Japan said Tuesday its current account surplus more than quadrupled in the six months to September thanks to an improving trade picture and buoyant returns on the country's investments abroad.
The 8.7 trillion yen ($70.7 billion) figure for April-September -- the first half of the fiscal year -- was well up from the 2.0 trillion yen a year earlier, according to official data.
Japanese Prime Minister Shinzo Abe came to power nearly three years ago with a mandate to rejuvenate the world's third-largest economy and end years of deflation-fuelled lethargy.
But his signature "Abenomics" policies centred on aggressive monetary easing, government spending and structural reforms have achieved mixed results so far.
Japan's current account is the broadest measure of its trade with the rest of the world, including both goods and services, tourism and returns on foreign investment.
In September alone, the nation's current account surplus surged by 50.1 percent from a year earlier to 1.5 trillion yen, the 15th consecutive year-on-year gain, the finance ministry said.
The data comes after the ministry said Japan's trade deficit shrank more than 80 percent in September due to a slump in the value of energy imports.

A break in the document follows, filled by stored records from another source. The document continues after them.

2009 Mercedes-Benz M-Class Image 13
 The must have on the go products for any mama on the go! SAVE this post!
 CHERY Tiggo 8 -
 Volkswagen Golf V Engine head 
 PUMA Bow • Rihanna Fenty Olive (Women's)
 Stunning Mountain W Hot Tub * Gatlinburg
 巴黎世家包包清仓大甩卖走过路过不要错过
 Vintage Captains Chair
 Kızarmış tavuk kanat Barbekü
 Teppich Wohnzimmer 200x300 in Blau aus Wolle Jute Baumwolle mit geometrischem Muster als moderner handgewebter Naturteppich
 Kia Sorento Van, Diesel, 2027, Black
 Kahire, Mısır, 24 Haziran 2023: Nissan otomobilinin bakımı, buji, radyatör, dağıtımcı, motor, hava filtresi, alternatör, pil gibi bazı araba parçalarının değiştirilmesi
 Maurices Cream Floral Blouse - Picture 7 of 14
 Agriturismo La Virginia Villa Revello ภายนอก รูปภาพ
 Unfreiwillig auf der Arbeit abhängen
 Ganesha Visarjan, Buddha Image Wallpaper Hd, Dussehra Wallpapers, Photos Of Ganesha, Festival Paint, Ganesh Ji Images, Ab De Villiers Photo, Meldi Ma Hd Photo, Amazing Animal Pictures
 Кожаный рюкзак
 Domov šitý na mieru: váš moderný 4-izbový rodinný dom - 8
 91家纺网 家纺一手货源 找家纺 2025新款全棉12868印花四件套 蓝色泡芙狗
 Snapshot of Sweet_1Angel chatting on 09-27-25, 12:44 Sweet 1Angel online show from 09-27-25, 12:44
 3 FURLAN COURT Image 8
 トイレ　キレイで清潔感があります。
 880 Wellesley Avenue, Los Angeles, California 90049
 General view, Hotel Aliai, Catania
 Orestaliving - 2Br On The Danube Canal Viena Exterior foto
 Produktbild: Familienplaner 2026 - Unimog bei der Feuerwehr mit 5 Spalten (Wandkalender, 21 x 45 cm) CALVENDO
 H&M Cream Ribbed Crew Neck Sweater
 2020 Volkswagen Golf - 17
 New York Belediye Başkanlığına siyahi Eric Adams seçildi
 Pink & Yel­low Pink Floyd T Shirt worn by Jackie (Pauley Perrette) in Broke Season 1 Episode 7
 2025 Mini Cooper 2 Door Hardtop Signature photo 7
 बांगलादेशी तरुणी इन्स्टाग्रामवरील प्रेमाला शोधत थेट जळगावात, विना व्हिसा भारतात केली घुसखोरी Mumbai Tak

"Returns on Japanese investment overseas are expected to continue growing for now, which have sustained the upward trend of its current account surplus," said Yasunari Ueno, chief market economist at Mizuho Securities.
"Declines in energy prices will also continue contributing to its surplus, but a slowdown in the Chinese and emerging economies will remain as a negative factor," Ueno told AFP.
Japan's trade balance had been wallowing in the red owing to its heavy dependence on importing fossil fuels to generate electricity after it shut its stable of nuclear reactors in response to the 2011 tsunami-sparked Fukushima atomic accident.